== Segment start ==

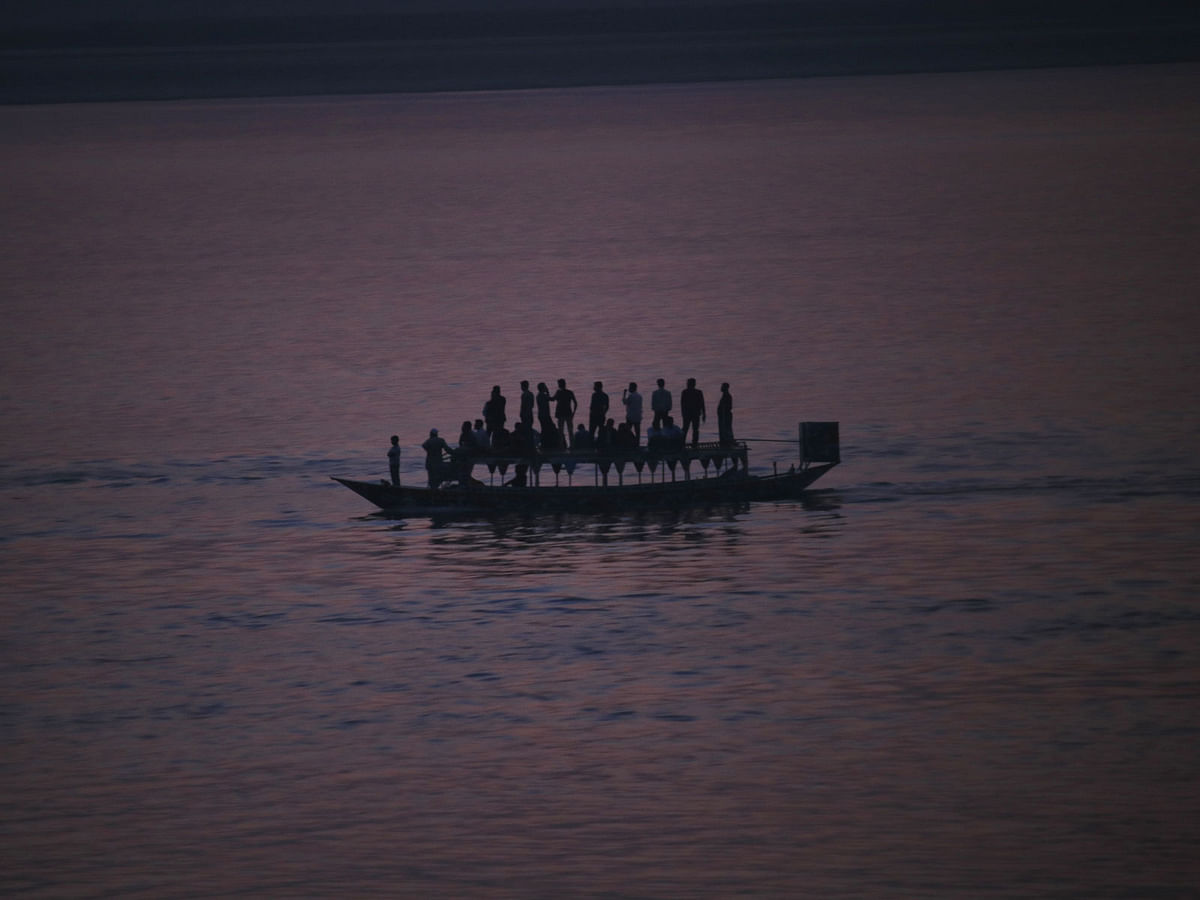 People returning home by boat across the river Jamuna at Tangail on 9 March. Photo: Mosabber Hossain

== Segment end ==
== Segment start ==

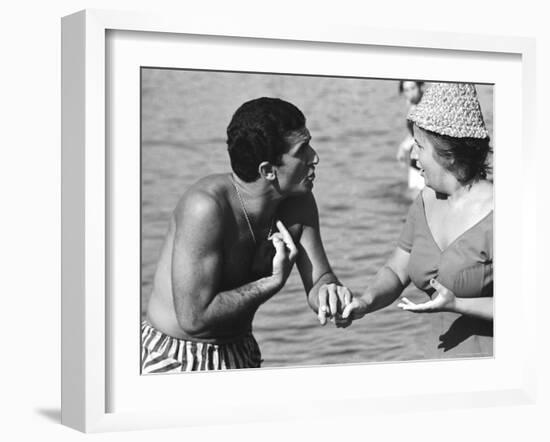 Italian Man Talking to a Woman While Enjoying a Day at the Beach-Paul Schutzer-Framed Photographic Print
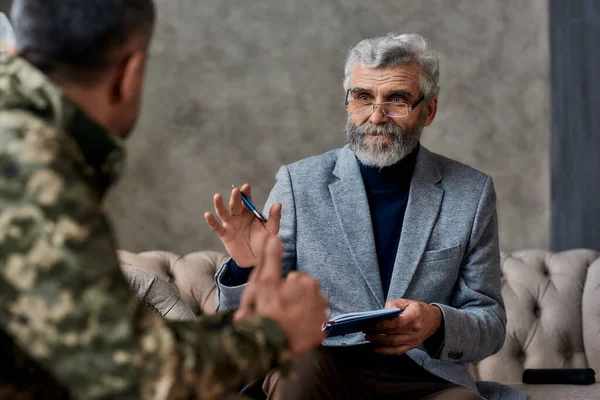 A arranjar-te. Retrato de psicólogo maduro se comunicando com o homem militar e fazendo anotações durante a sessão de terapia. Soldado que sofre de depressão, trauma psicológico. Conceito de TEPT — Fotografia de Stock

== Segment end ==

**WHAT YOU NEED TO DO**: Look through the material above. Transcribe exactly the lines between the ones with "Italian Man Talking" and "A arranjar-te. Retrato", inclusive, and keep pictures out.

**WRITTEN ANSWER**:
 Italian Man Talking to a Woman While Enjoying a Day at the Beach-Paul Schutzer-Framed Photographic Print
 A arranjar-te. Retrato de psicólogo maduro se comunicando com o homem militar e fazendo anotações durante a sessão de terapia. Soldado que sofre de depressão, trauma psicológico. Conceito de TEPT — Fotografia de Stock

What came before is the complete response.